Por sua vez, é proibida a gravação permanente ou indiscriminada de factos que não estejam relacionados com o interesse policial probatório, nomeadamente durante a atividade policial de rotina e durante conversas informais mantidas com cidadãos ou outros agentes policiais. – cfr. n.º 6 do art. 7.º.


De frisar ainda que, de acordo com o disposto no n.º 8 do art. 7.º do referido Decreto-Lei, as gravações nos casos expressamente previstos na lei e acima mencionados não carecem de qualquer consentimento por parte das pessoas captadas.
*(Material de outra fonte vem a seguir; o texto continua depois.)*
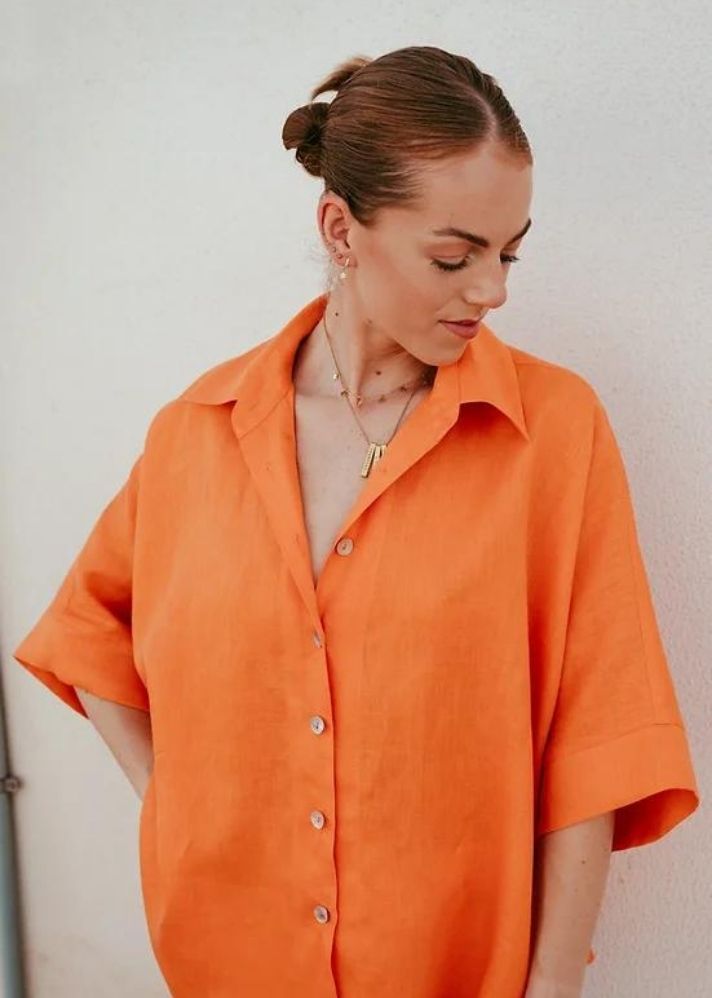 A Model Wearing Orange Linen Birds Of Paradise Shirt, curated by Only Ethikal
Quanto à gestão e armazenamento dos dados captados, destaca-se o facto de que as mesmas deverão ser destruídas 30 dias após ocorrerem, exceto nas situações previstas no n.º 2 do art. 13.º do referido Decreto-Lei, i.e.,

a) No âmbito de processo de natureza criminal;

b) No âmbito de processo de natureza disciplinar contra agente das forças de segurança;

c) Para apurar a eventual existência de infração disciplinar, quando for o caso, ou criminal por ou contra o agente policial;

d) Para inspecionar as circunstâncias da intervenção policial, sempre que tal seja fundamentadamente determinado pelo dirigente máximo da força de segurança.

- cfr. al. d) do art. 11.º e n.º 5 do art. 12.º.


Tal situação determinará que, nos casos de crimes semipúblicos ou particulares - em que o direito de queixa pode ser legitimamente exercido, no mínimo, até 6 meses após os factos, e sem prejuízo do disposto nos n.ºs 1 e 2 do art. 247.º do C.P.P. (que impõe a obrigatória de o Ministério Público prestar certas e determinadas informações ao(s) ofendido(s)) – possa ser inviabilizada a utilização das mesmas por exercício dos direitos após os mencionados 30 dias.


Caberá agora aos Tribunais determinar a consequência prática do incumprimento das diversas obrigações legais e da compatibilidade dos preceitos legais no caso concreto, na certeza de que as obrigações legais, em termos práticas, se verificam na medida das consequências do seu incumprimento/inobservância.